12.30.2011

2011: A Year in Review

Another year of blogging. How about that. Aside from that dry spell after going to BlogHer, it's been my most productive year of posts. People apparently like to be all up in my fertility as those posts were by far the most viewed, and while this year finally brought some happy news in that regard, 2011 was about more than that.
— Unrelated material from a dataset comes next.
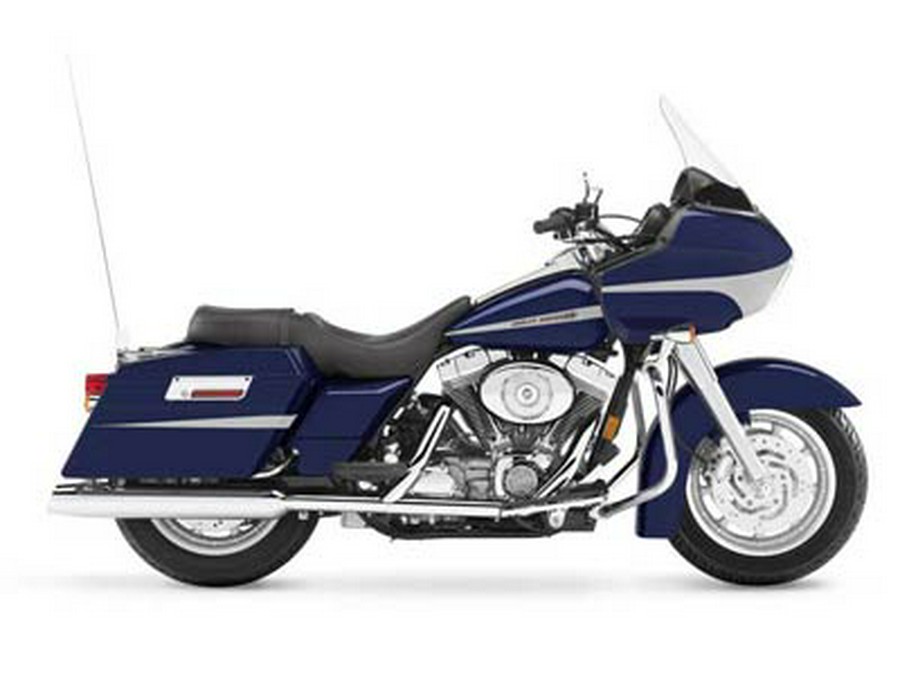 2006 Harley-Davidson Road Glide®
Here is a review of the year on the blog.

Drafting Overdue Apologies, my forthcoming middle school memoir... due out, well, before the baby (I hope).
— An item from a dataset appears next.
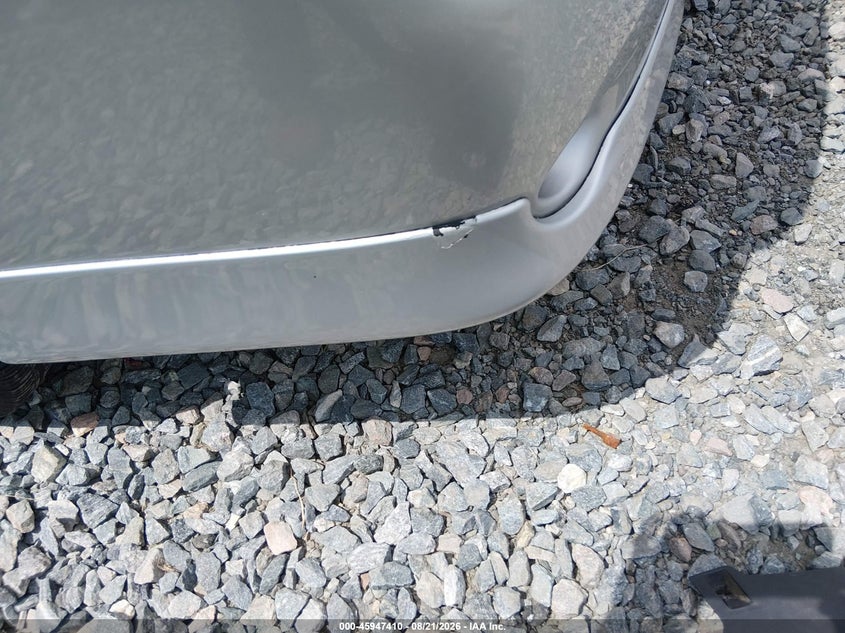2010 TOYOTA COROLLA SEDAN 1.8L I-4 DOHC, VVT, 132HP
Reading from and promoting Through Eyes Like Mine.

National Pancake Week!

Reading, critiquing and viewing The Help.

Photo essays using Instagram.

Poetry in April.

Twitter as a #writingpromptgenerator.

A memorial to my cousin Traci.

Thanks to everyone for reading and commenting on this random little blog. Here's to good times to come in 2012!

12.19.2011

The Closest I Ever Got to Kim Jung Il

In the summer of 2009, I had the chance to visit China where my sister and her family were living. We took a day trip to Dandong along the China/North Korea border.
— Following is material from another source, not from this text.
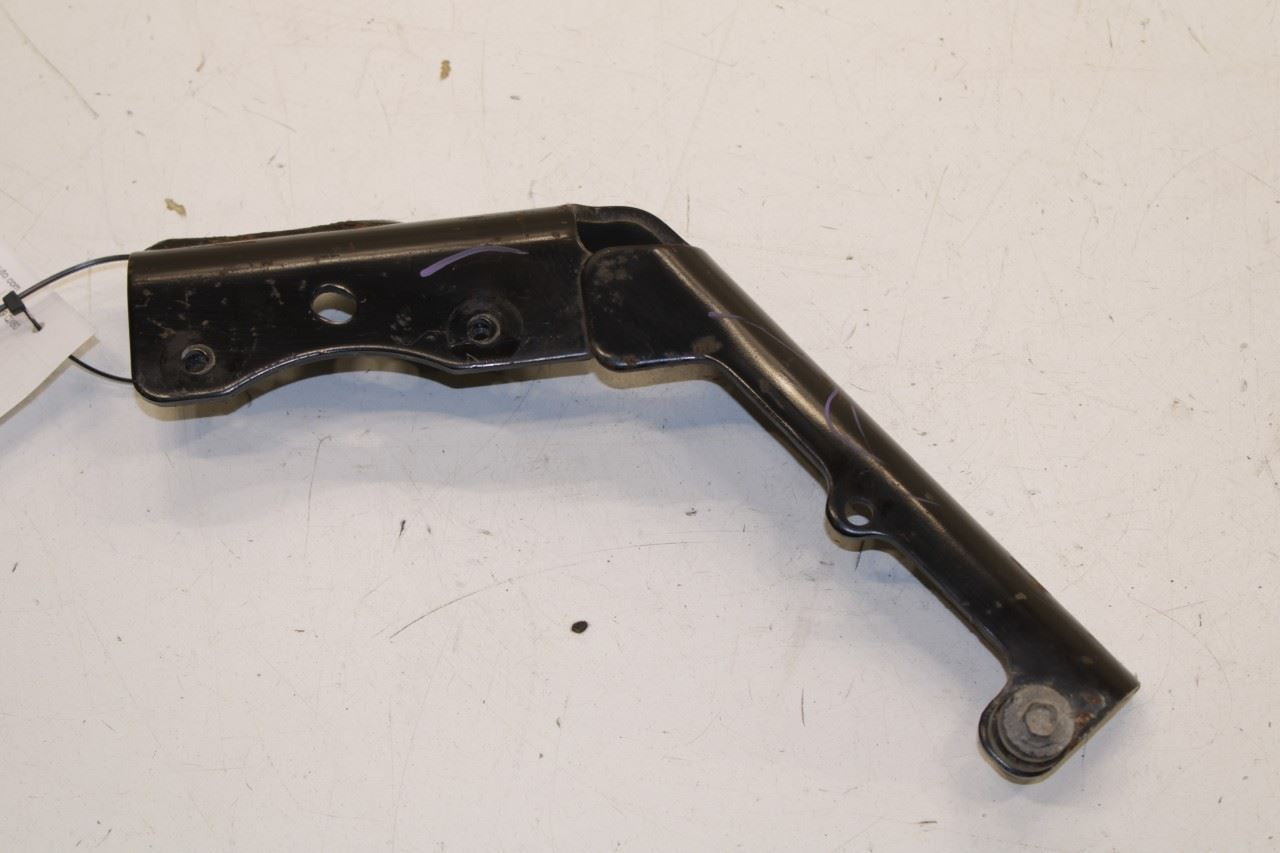 14-20 Infiniti QX60 Pure FR LH Transmission Oil Cooler Lower Bracket 21613-3JA0B - Alshned Auto Parts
It was a warm summer day when we left Dalian, but by the time we arrived in Dandong it was raining. If there's one place that makes China seem normal, it's Dandong, because right over there, across the Yalu River is North Korea and just by looking, you can tell things are a little crazy over there.

We walked across the pedestrian bridge. It had been bombed during the Korean War but the North Koreans left the damage so Americans couldn't deny they bombed it (crazy?).

From the dead-end bridge we could spot a Ferris Wheel and what appeared to be an amusement park. How normal! How not crazy! Except it's only there for show. The wheel never moved and we only spotted a couple of people walking through the park.


We then drove along the Yalu to a stretch of the Great Wall. Along the way, the skies cleared allowing us to see to the North Korean side, spotted with guard towers and the occasional armed guard.

Blue skies and this sign welcomed us to this part of the Great Wall. We hiked up the wall and gazed over into North Korea wondering just what life might be like over there.

At the top of one of the towers we could pay to use a telescope to look further into North Korea. A couple of American tourists were taking advantage of the scope but for me, just peering over the Great Wall into North Korea was as close to Kim Jung Il as I needed to get.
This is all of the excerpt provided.